United States involvement in the Vietnam War began in 1950 when the U. S. began to support the French Army in South Vietnam. This involvement continued to escalate throughout the 1950's and into the early 1960's. On August 4, 1964 the Gulf of Tonkin incident occurred in which American Naval Vessels in South Vietnamese waters were fired upon by North Vietnam. On August 5, 1964 President Johnson requested a resolution expressing the determination of the United Sates in supporting freedom and in protecting peace in southeast Asia. On August 7, 1964, in response to the presidential request, Congress authorized President Johnson to take all necessary measures to repel any attack and to prevent aggression against the U. S. in Southeast Asia. The selective bombing of North Vietnam began immediately in response to this resolution. In March of the following year U. S. troops began to arrive.
Although the Gulf of Tonkin resolution specifically stated that we had no military, political, or territorial ambitions in Southeast Asia, the interests of Americans were the exact opposite. The political involvement in Vietnam was about much more than just promised aid to a weak country in order to prevent the spread of communism. It was about money. After all, wars require equipment, guns, tools and machinery. Most of which was produced in the United States. It was about proving America's commitment to stop communism. Or rather to confine communism in its present boundaries, but most of all it was about politics. The presidential political involvement in Vietnam had little to do with Vietnam at all.
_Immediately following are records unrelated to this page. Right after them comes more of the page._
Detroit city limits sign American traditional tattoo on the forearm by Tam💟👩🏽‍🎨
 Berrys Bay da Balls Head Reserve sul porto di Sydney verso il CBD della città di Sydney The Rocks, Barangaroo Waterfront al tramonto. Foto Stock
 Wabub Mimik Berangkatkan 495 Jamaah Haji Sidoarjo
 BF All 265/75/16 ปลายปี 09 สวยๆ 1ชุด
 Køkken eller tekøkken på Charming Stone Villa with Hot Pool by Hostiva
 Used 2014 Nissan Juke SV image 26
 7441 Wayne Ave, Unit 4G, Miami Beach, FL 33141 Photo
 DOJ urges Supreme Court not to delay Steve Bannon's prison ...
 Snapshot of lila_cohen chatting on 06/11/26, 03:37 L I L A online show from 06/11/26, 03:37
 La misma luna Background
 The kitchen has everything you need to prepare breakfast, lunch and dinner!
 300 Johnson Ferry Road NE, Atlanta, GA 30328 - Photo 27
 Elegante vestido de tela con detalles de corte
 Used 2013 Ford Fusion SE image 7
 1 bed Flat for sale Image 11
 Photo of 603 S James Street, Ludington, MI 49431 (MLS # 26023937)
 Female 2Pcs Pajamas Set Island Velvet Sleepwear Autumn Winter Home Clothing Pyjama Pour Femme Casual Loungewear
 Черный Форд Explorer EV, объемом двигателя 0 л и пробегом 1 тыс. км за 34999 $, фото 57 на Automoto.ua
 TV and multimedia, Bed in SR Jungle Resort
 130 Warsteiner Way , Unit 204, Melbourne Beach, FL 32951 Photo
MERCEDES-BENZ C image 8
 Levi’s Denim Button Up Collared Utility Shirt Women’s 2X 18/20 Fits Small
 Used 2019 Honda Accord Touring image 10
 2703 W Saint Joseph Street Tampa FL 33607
It was about China for Eisenhower, about Russia for Kennedy, about Washington D.C. for Johnson, and about himself for Nixon. The last two of which were the major users of U.S. troops.
The military involvement in Vietnam is directly related to the political management of the military throughout the war. The military controlled by the politicians. The micro management of the military by the White House for political gain is the primary reason for both the length and cost, both monetary and human, of the Vietnam War. One of the largest problems was the lack of a clear objective in the war and the
support to accomplish it. The politicians controlled the war in Vietnam. It was to be a limited war. The military was never allowed to fight the war how they thought that they needed to in order to win it.
To conclude on the Vietnam War, the political management of the war made it unwinnable. The military was at the mercy of politicians who knew very little about what needed to be done militarily in order to win the war. There is an enormous difference between political judgment and military judgment. This difference is the primary reason for the outcome of the Vietnam War.